Finita a maggio l’esperienza assicurativa iniziata a Mogliano Veneto e completata a Roma, con giugno ho cambiato società, pur rimanendo nello stesso Gruppo. Teoricamente dovrei sentire meno il vincolo di lavorare solo su banche e assicurazioni e soprattutto dedicarmi meno al digital in favore di formazione e contact center. Lo so, è uno strano mix, eppure potrebbe continuare a funzionare per quella che ora è una società di 5 persone che col mio arrivo dovrebbe avviare un percorso di crescita rilevante. Gli obiettivi sono sfidanti già dal 2017 ma diventeranno ancora più significativi nel 2018: d’altra parte la maledizione della consulenza è che “crescere” vuol dire acquisire via via ruoli più commerciali. Nella società precedente la sensazione è che la crescita fosse proprio impossibile: soprattutto, però, il rischio di rimanere legato per sempre allo stesso ruolo comportava un forte mix tra “delivery” e appunto attività di vendita.

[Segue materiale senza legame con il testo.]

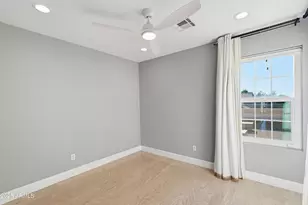 9034 W Port Royale Ln, Peoria, AZ 85381 - Photo 31
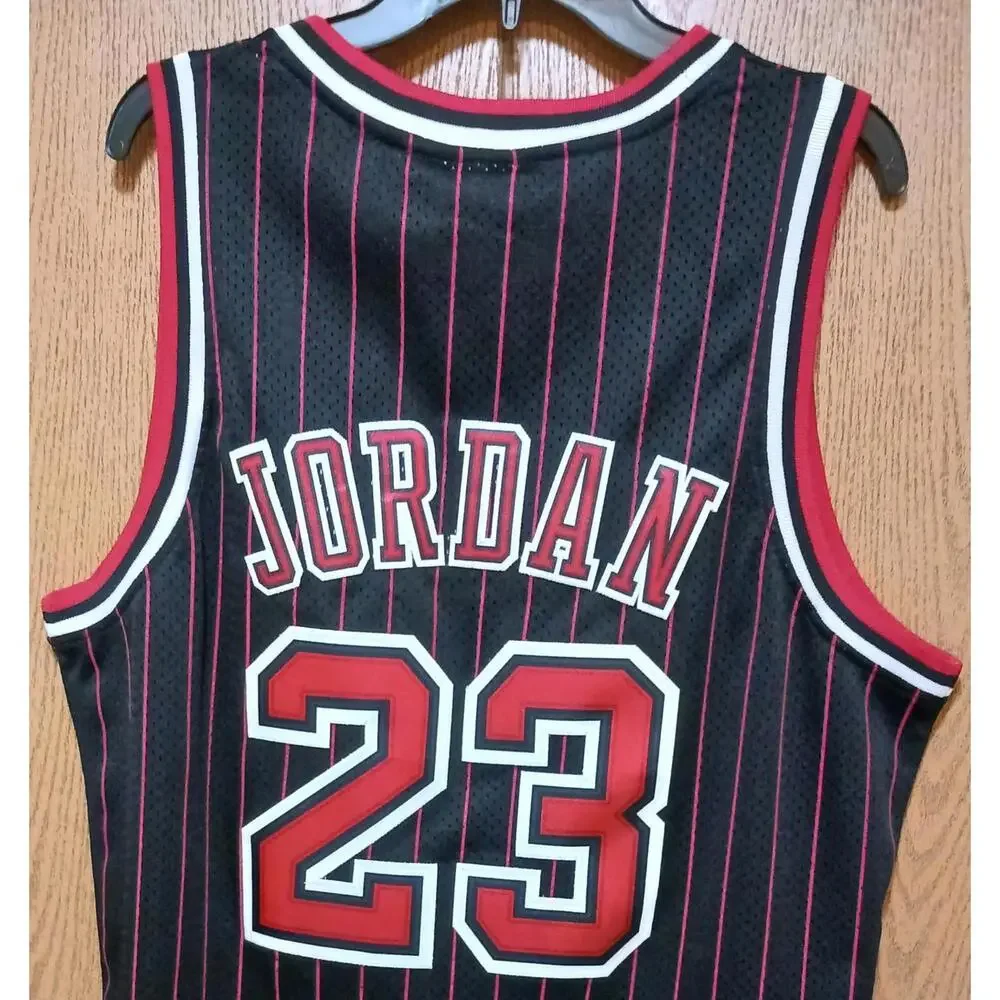 *Michael Jordan (Mitchell & Ness)-(Bulls)-(XL)-$90.00 - Picture 7 of 9
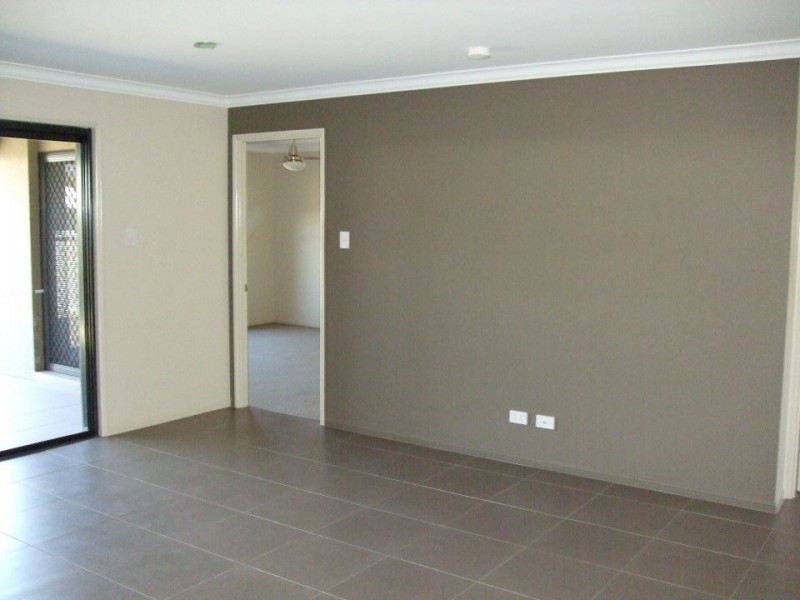 6 Ridgeview Road, Warwick QLD 4370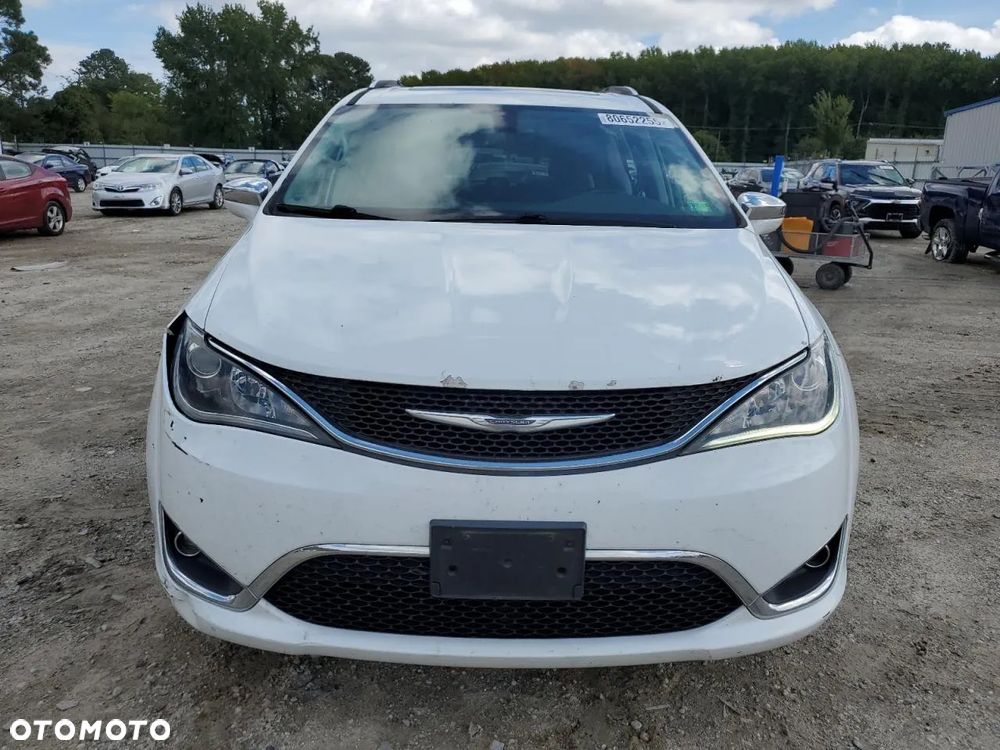 Chrysler Pacifica - 3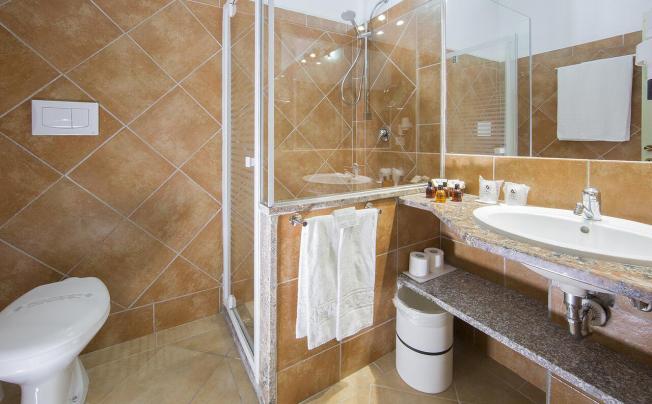 Фото отеля Colonna Beach Hotel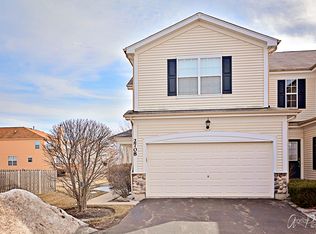 2708 Kendall Xing #2708, McHenry, IL 60051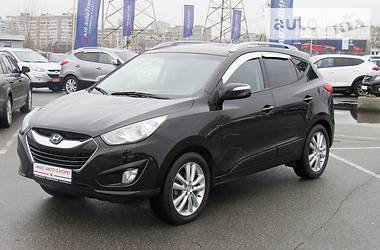 Внедорожник / Кроссовер Hyundai Tucson 2011 в 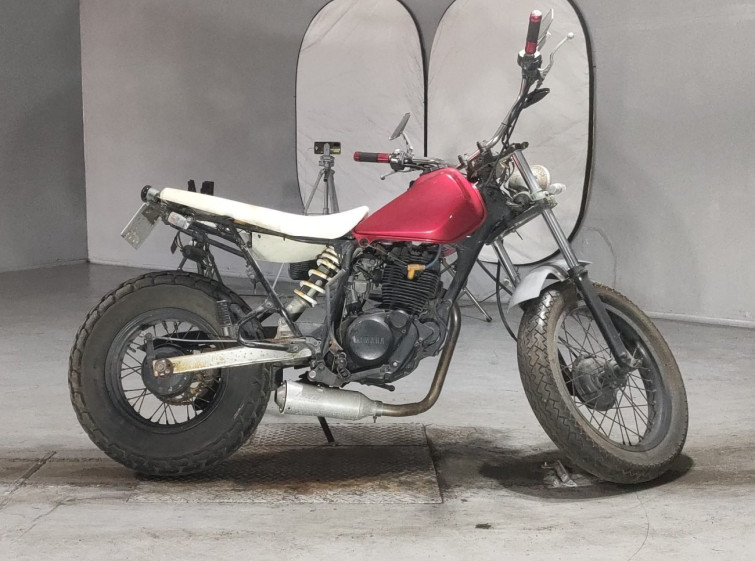 Мотоцикл Yamaha TW200 з пробігом 9287 km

Delivery fatto soprattutto su progetti lunghi, in giro per l’Italia, come i tanti post sui tanti posti in cui ho vissuto hanno dimostrato in questi anni. Temo che la componente di delivery non la lascerò alle spalle; anzi la dimensione molto ridotta della società potrebbe portare a seguire attività anche molto di dettaglio. Ma così a occhio i progetti sono più piccoli e comunque poter lavorare in un ambiente da semi-startup può anche voler dire contribuire a dare la propria impostazione strategica. Certo il legame con la vecchia società, sempre la stessa da dicembre 2004 a maggio 2017, è difficile da recidere: i clienti e soprattutto i prospect sono spesso gli stessi, le tematiche sono contigue anche se spero si troverà un modo di collaborare. Il legame poi è di fatto consistente in relazioni personali, quindi sarebbe davvero brutto buttare i bambini delle piccole amicizie lavorative nell’acqua sporca della mancata prospettiva di carriera di lungo termine.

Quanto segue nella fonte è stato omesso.